PAS president Abdul Hadi Awang has defended the party’s distribution of cash to voters during the 15th general election (GE15), claiming that it was a charitable act and hence, not prohibited by electoral law.
The Malaysian Insight (TMI) quoted the Marang MP as saying existing rules only prohibited contesting candidates and their representatives from giving cash to voters.
“According to election law, a candidate or a candidate’s representative cannot give out cash money, it is up to the public to give alms,” Hadi told reporters after attending the Semarak Gelombang Rakyat event with Perikatan Nasional (PN) in Negeri Sembilan this morning.
The petitions filed by BN to challenge the election outcomes for three Terengganu parliamentary seats were described as a tactical move by the PN deputy chairperson.
Evidently PAS cannot deny the allegation that their party handed out cash to voters during the election, so their leader, Hadi Awang, has decided to brazen it out with a game of semantics and hair splitting.
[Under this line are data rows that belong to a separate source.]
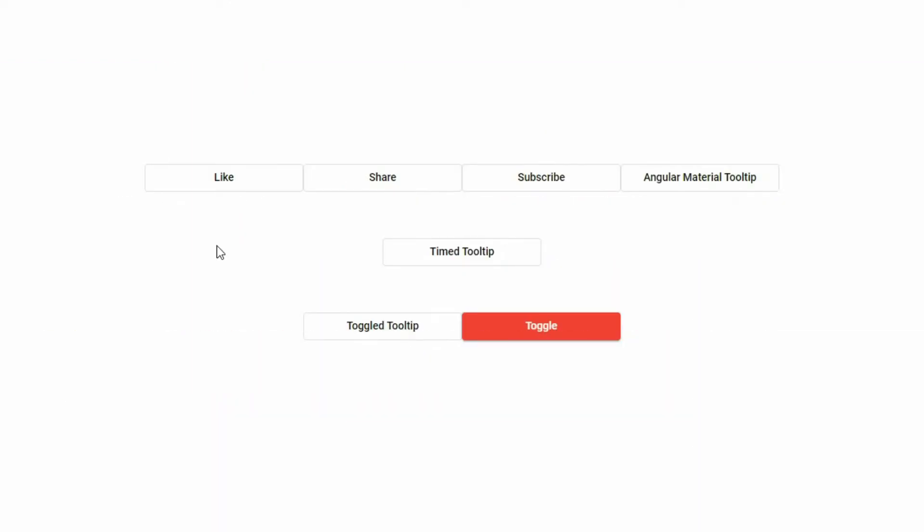A tooltip is a small message that appears next to an element above, below, on the left, or on the right.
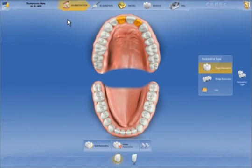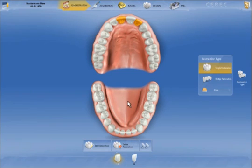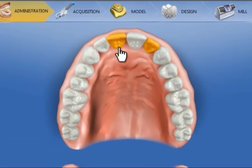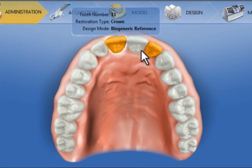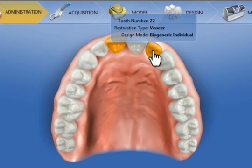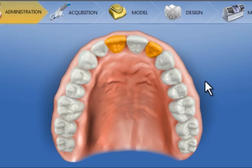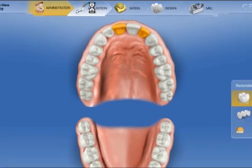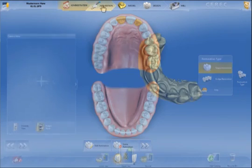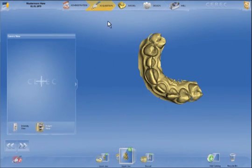The next phase is administration. Here, restorations and restoration types are defined. CIRIC 4.0 permits multiple restorations per case. Following on from the administration phase is acquisition.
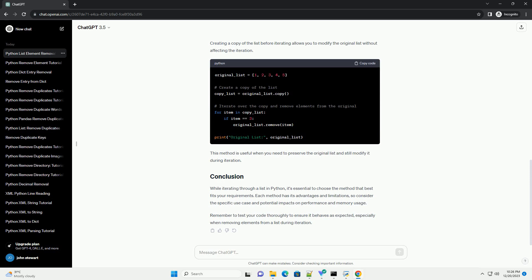Creating a copy of the list before iterating allows you to modify the original list without affecting the iteration. This method is useful when you need to preserve the original list and still modify it during iteration.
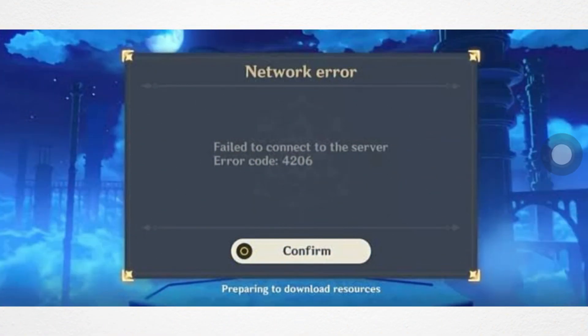Are you experiencing fail-to-connect-to-server issues in Genshin Impact on your iPhone? Follow these four easy and advanced steps to fix the fail-to-connect-to-server error in Genshin Impact. So let's begin.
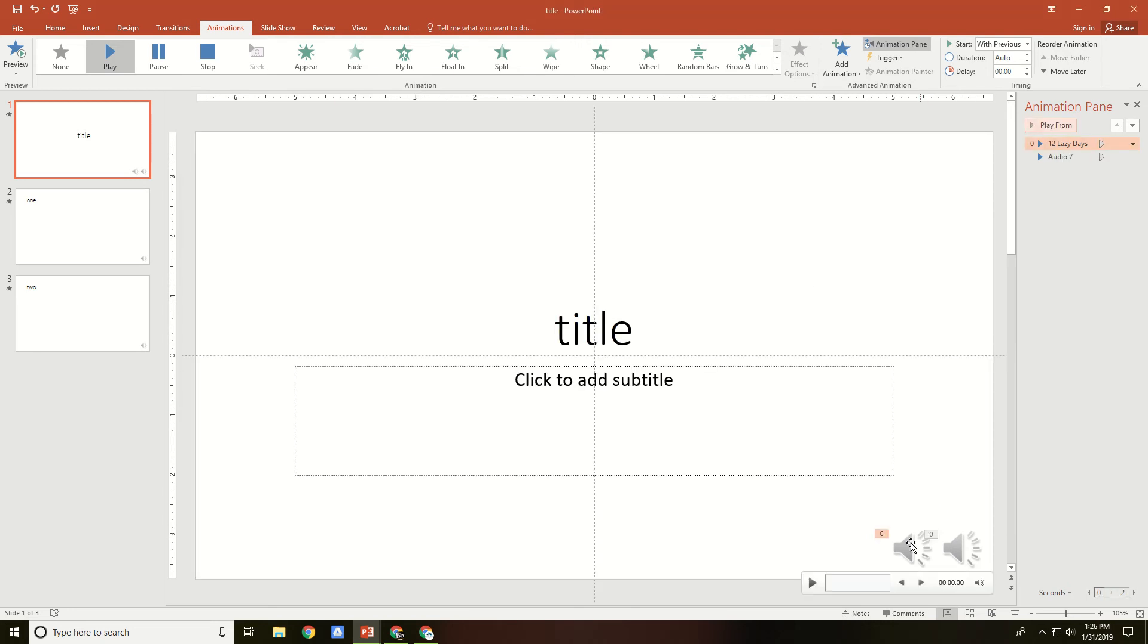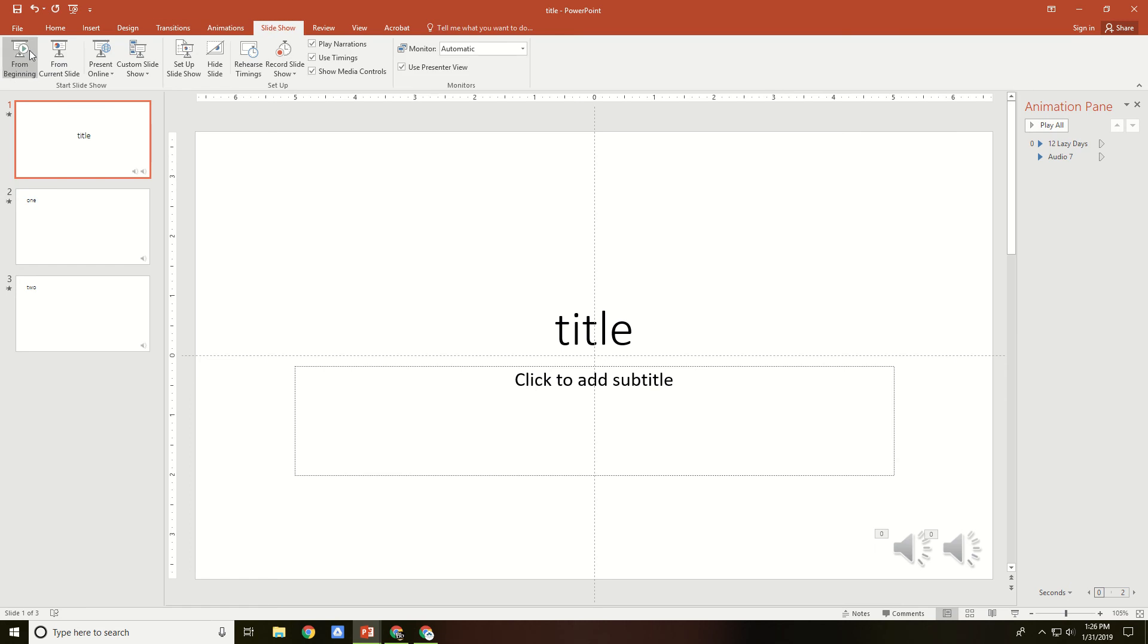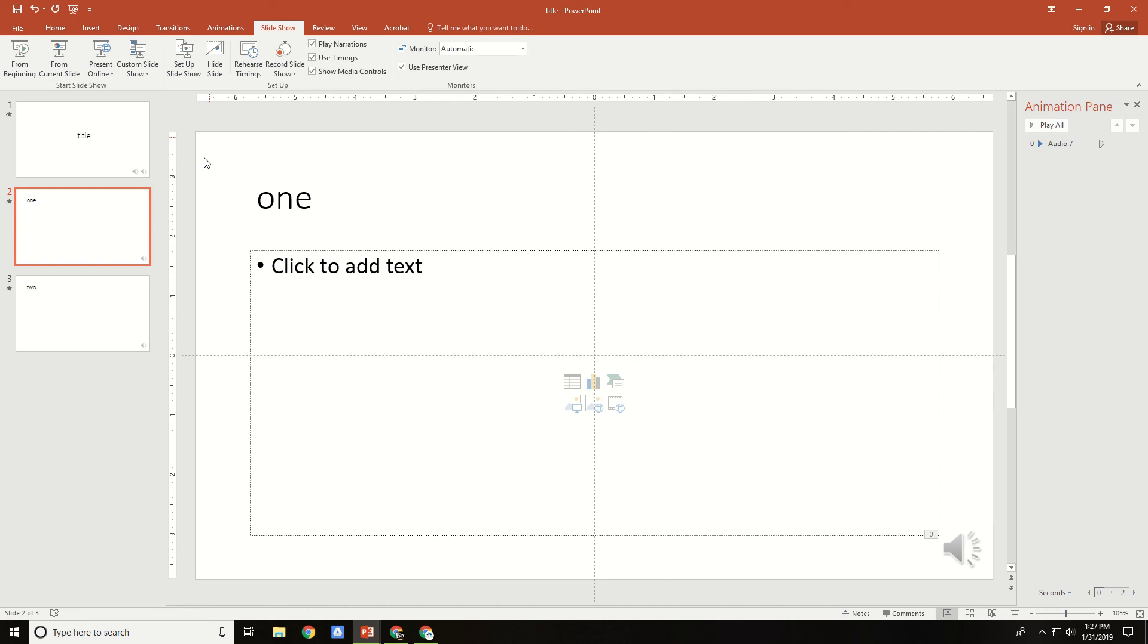Now, the volume is a little bit too loud, so I'm going to turn down the volume on this song. Now, when I play it from the beginning, I think you get the idea, that it's continuing on throughout the slides.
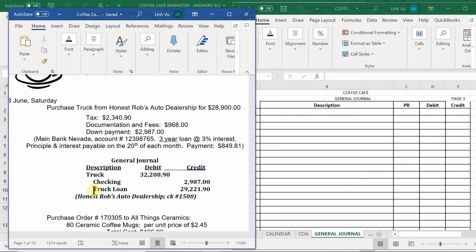Main Bank of Nevada, account number 12398765, approved us for a three-year loan at 3% interest, with principal and interest payable due on the 20th of each month. The monthly payment is $849.81. If you use Excel and take the loan amount, process 3% interest over three years, and divide by 36 payments, you get approximately $849.81.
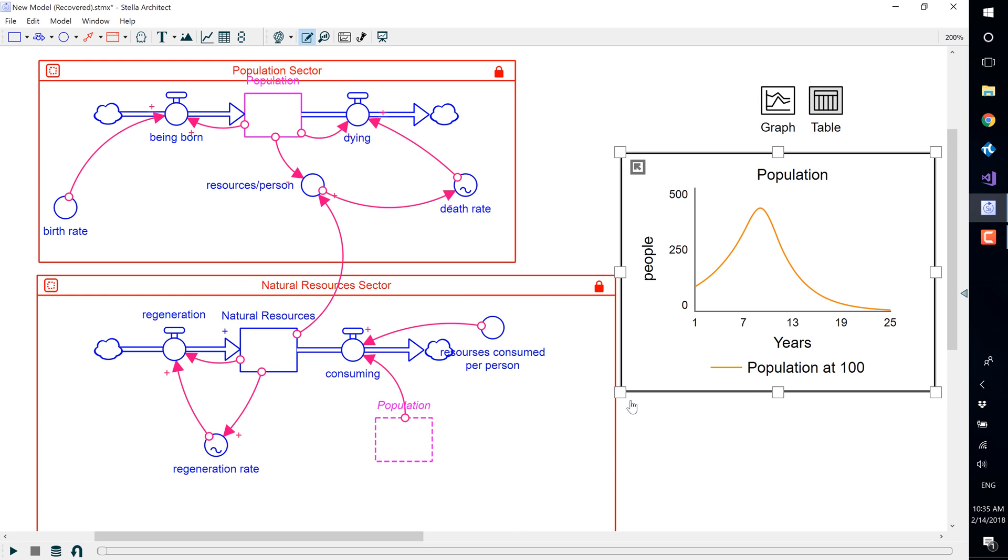When we reset, you will see that population at 100, that run is saved in the graph.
Bribery is re-designated as ‘charity’ and we are informed that there is a big difference – or so Hadi claims – if the PAS state government machinery handed round the cash rather than the local candidates physically themselves.
If the PAS candidate was featured and promoted on the green envelope slip in which the money was presented, so what?
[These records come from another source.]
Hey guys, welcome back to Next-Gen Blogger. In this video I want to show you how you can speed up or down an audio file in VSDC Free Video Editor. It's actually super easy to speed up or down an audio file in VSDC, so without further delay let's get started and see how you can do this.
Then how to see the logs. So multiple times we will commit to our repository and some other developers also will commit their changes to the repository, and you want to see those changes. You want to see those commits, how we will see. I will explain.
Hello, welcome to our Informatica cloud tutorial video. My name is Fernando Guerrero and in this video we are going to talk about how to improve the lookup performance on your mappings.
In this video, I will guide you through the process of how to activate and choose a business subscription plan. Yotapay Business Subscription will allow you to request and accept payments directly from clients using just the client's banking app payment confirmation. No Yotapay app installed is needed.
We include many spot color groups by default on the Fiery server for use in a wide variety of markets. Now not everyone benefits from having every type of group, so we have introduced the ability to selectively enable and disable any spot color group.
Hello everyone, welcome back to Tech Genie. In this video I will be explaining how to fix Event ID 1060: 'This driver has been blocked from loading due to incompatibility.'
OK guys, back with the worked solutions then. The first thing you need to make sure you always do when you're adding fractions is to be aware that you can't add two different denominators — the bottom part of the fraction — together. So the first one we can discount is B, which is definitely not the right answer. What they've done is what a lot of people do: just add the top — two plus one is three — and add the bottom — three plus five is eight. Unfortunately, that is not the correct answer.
Good luck to the lawyer who takes on the task of standing up Hadi’s legal opinions in court. The PAS leader is no stranger to uttering preposterous self-justifications (for example that it is OK to lie if it benefits his own ‘Godly’ party) but he has tended to save his theories for credulous followers and to run away from testing them against the penal code.
It seems now he has no choice because the evidence is there and a case has been brought against him.